Supplied data
>>>
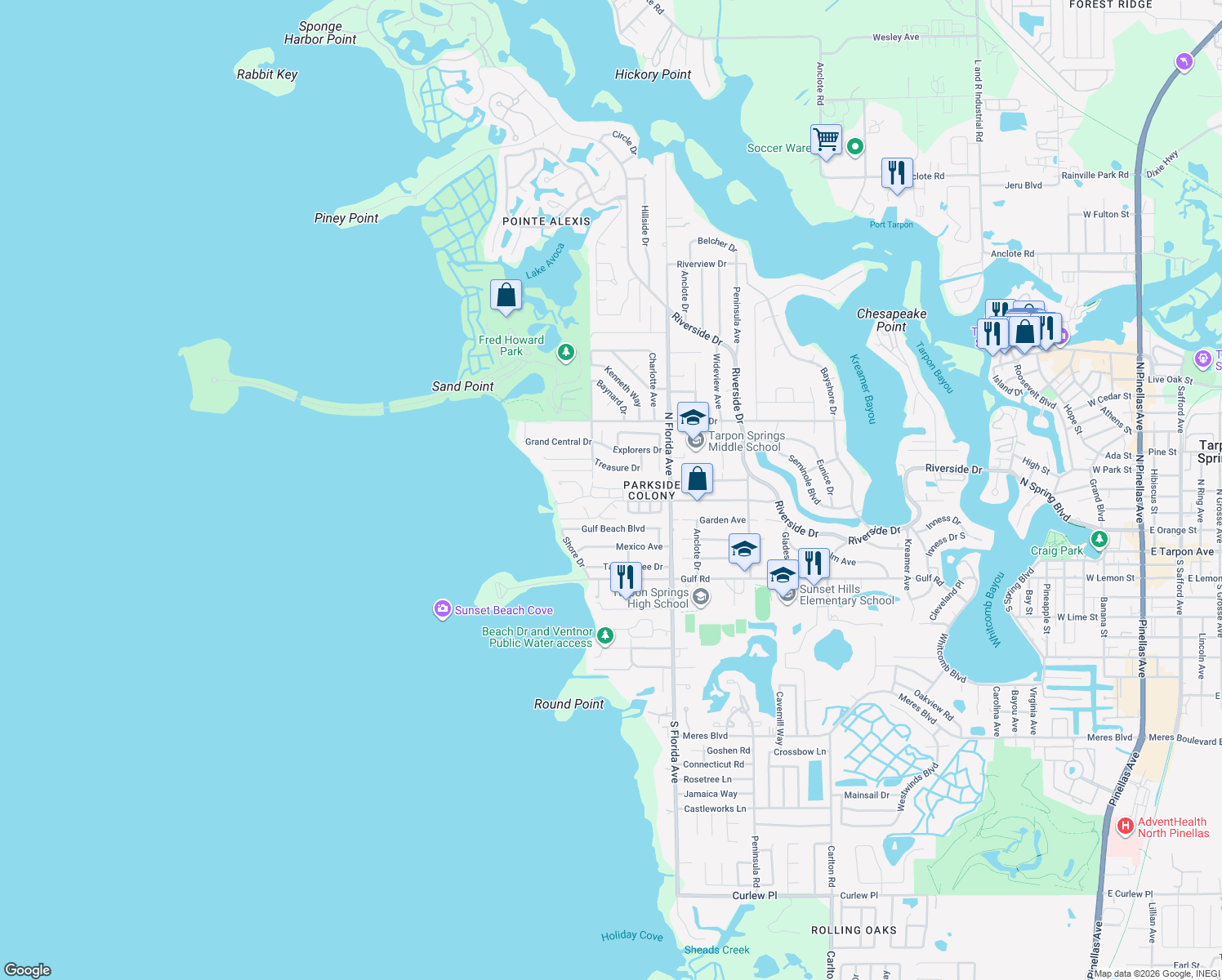 map of restaurants, bars, coffee shops, grocery stores, and more near 1630 Windrush Bay Drive in Tarpon Springs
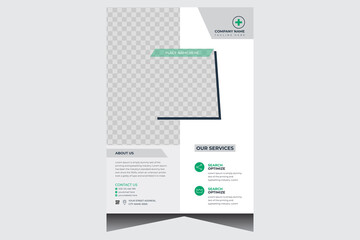 Green and white business flyer design template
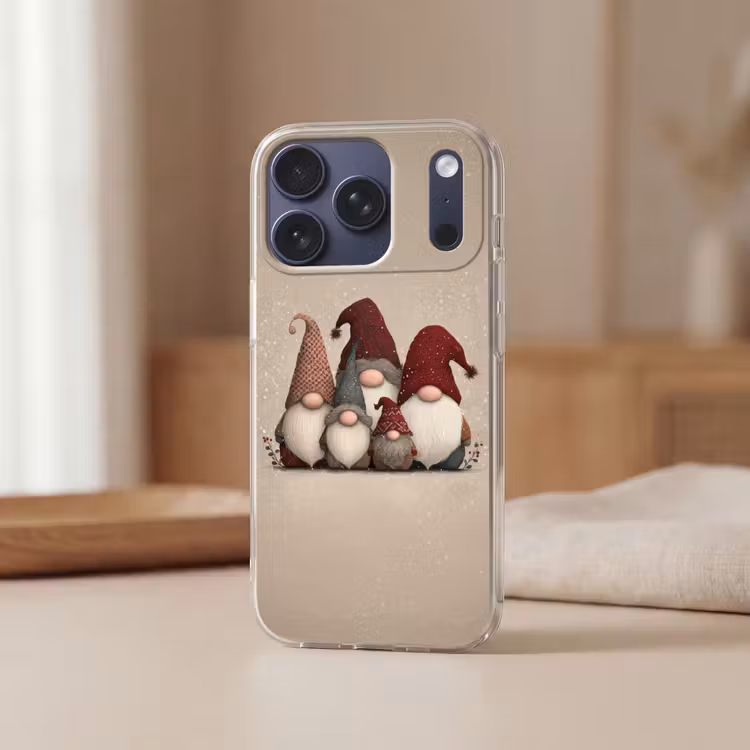 Kabouters - Kerst - Sneeuw - Puntmutsen Telefoonhoesje iPhone 17 Pro klein -sfeer2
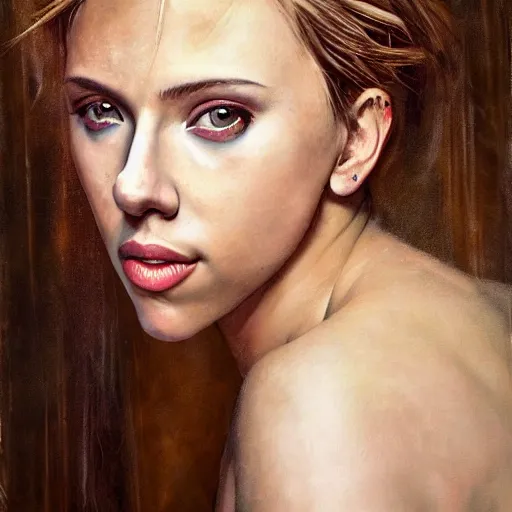 Prompt: hyper realistic candid portrait mixed media painting of beautiful Scarlett Johansson as a greek goddess, hyper detailed, realistic eyes, cinematic lighting, masterpiece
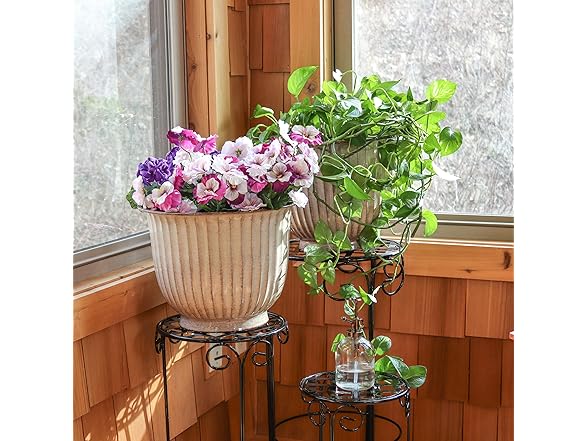 Sunnydaze Carlotta 14.75" Metal Outdoor Plant Pot Set- Set of 4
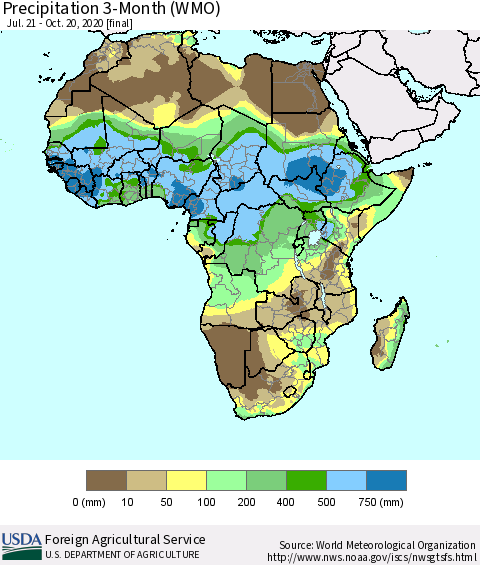 Africa Precipitation 3-Month (WMO) Thematic Map For 7/21/2020 - 10/20/2020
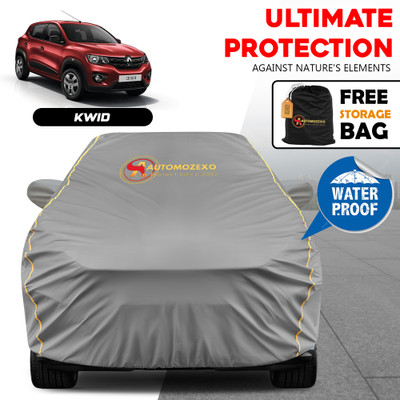 AUTOMOZEXO Car Cover For Renault Kwid (With Mirror Pockets)(Grey)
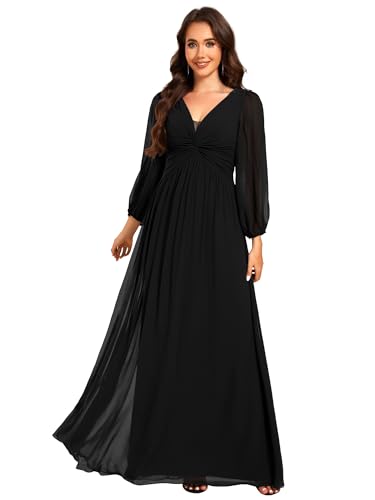 Women's V-Neck Long Sleeves A-Line Pleated Chiffon Floor Length Formal Dress 02235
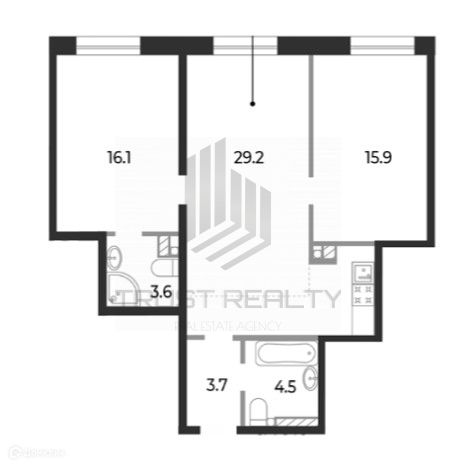 Продаётся 2-комнатная квартира, 73 м²
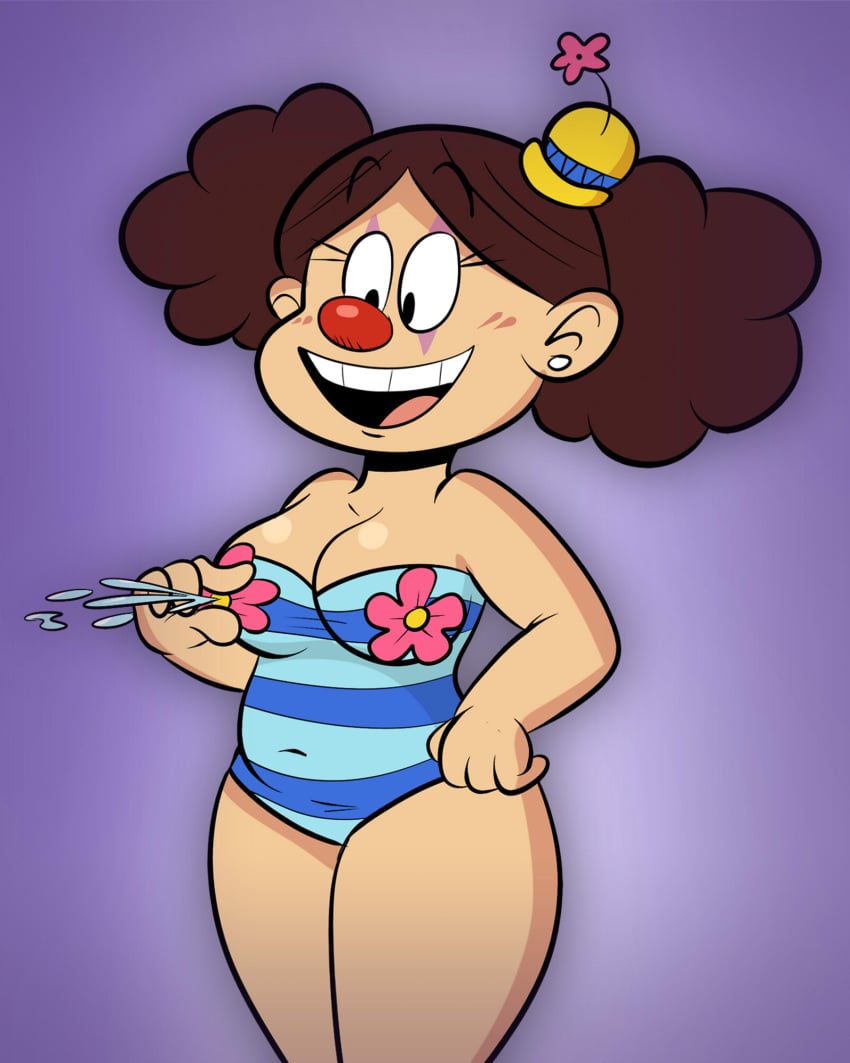 brown_hair clown clown_hat clown_nose giggles_(the_loud_house) nickelodeon scobionicle99 swimsuit the_loud_house watermark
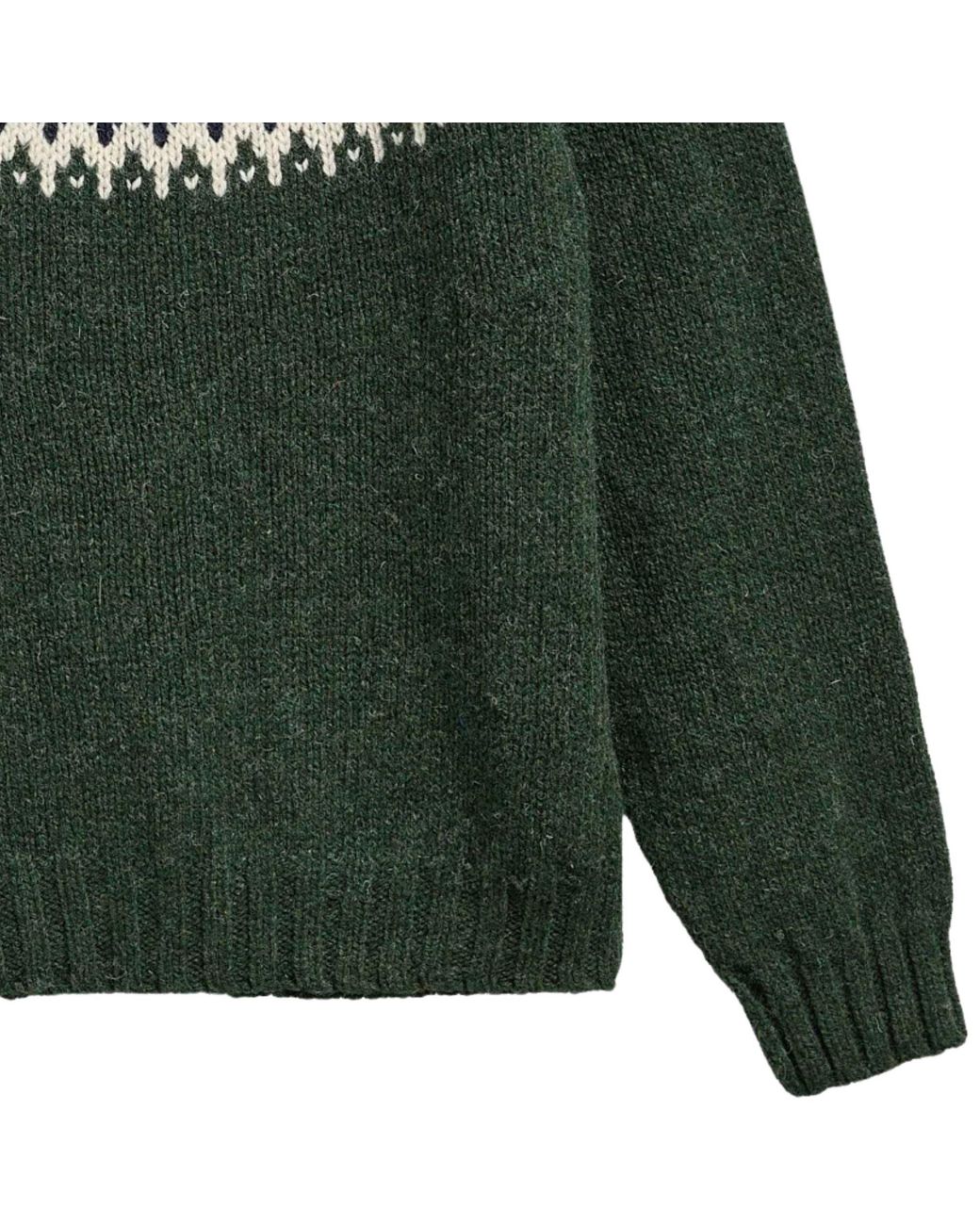 Barbour Green Scottish Made Fair Isle Crew Neck Jumper for men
<<<
In the records above, find the line that contains "Продаётся 2-комнатная квартира, 73 м²". Print it and every later line exactly, omitting the pictures.

Solution to this exercise
 Продаётся 2-комнатная квартира, 73 м²
 brown_hair clown clown_hat clown_nose giggles_(the_loud_house) nickelodeon scobionicle99 swimsuit the_loud_house watermark
 Barbour Green Scottish Made Fair Isle Crew Neck Jumper for men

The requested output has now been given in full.